Yine belirtiyoruz, bizlerin çalışma hakkını güvence altına almak ve seks işçiliği dışında işlerde de çalışabilmemizi sağlamak için gerekli yasaları çıkarmak zorundasınız!” dedi.
Transların her alanında olduklarını ve olmaya devam edeceklerini belirten Kılıçkaya son olarak “Sokaklarda, caddelerde, meydanlarda, kamuya açık her alanda görünürlüğümüzle biz de varız. Yaşamı terk etmiyoruz. OHAL’iniz ve ‘toplumsal hassasiyetleriniz’ sizin olsun!
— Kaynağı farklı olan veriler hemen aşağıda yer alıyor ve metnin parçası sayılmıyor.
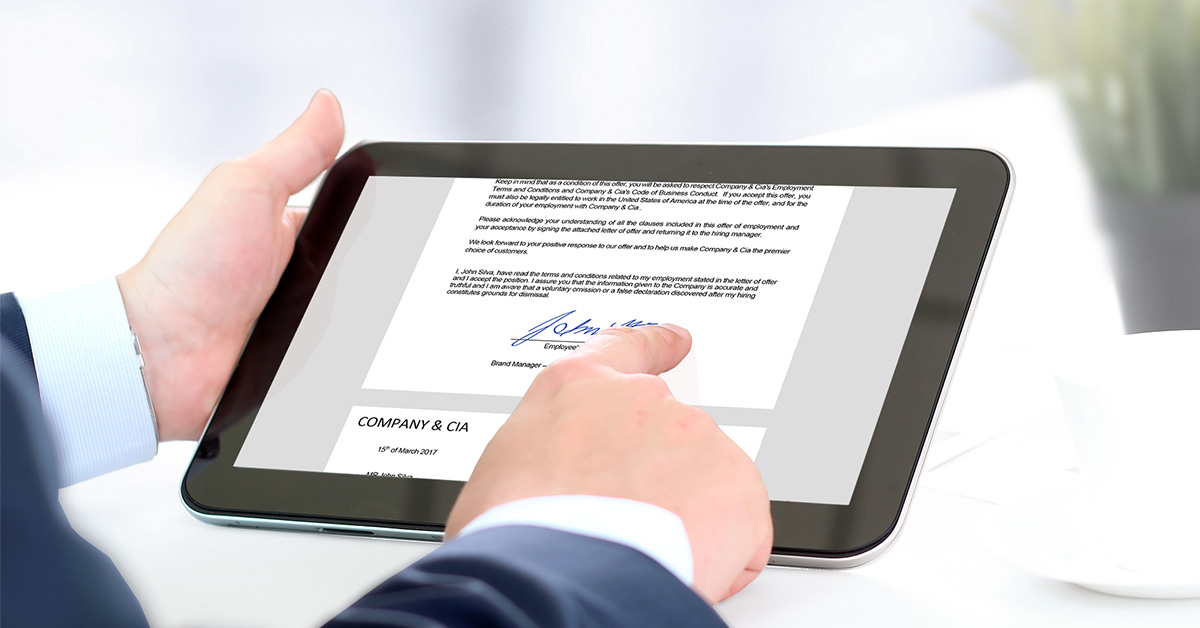 Digital Signatures Online Contract Signing Grabsign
Biz herhalde yaşam mücadelemizi sürdüreceğimizi tüm kamuoyuna bir kez daha bildiriyoruz” dedi.
Ne olmuştu?
Ankara’da translara yönelik polis ablukası ve şiddeti geçtiğimiz Şubat ayında şiddetlenmeye başlamıştı. Etlik-İskitler bölgesinde çalışan seks işçisi translara saldıran polisler bahane olarak Ankara’daki bir patlamada kullanılan bomba yüklü bir aracın eylemden önce bu bölgede saklandığını iddia etmişti.
Etlik-İskitler bölgesinde bulunan translar 28 Şubat gecesi polisler tarafından darp edilip gözaltına alınmaya çalışılmıştı. Ertesi gün de devam eden saldırılar önce Çok Katlı Otopark ardından ise Kolej ve Esat bölgelerine yayılmıştı.
Polis saldırılarında her defasında yeni bir bahane üretmiş ve saldırıların şiddetini arttırmıştı. Artan polis saldırılarının ardından ise transfobik saldırılar artmış ve çeteleşme girişimleri olmuştu.
Pembe Hayat, bu saldırılar ile 6 defa Ankara Valiliği ile görüşmek istemiş ancak talebi reddedilmişti. Daha sonra ise Ankara Barosu, Valilikten Gelincik Merkezi ve Pembe Hayat vekili Av. Rıza Yalçın Koçak ile birlikte görüşme talep etmişti. Ancak bu talebe de 6 aydır hiçbir şekilde cevap verilmedi.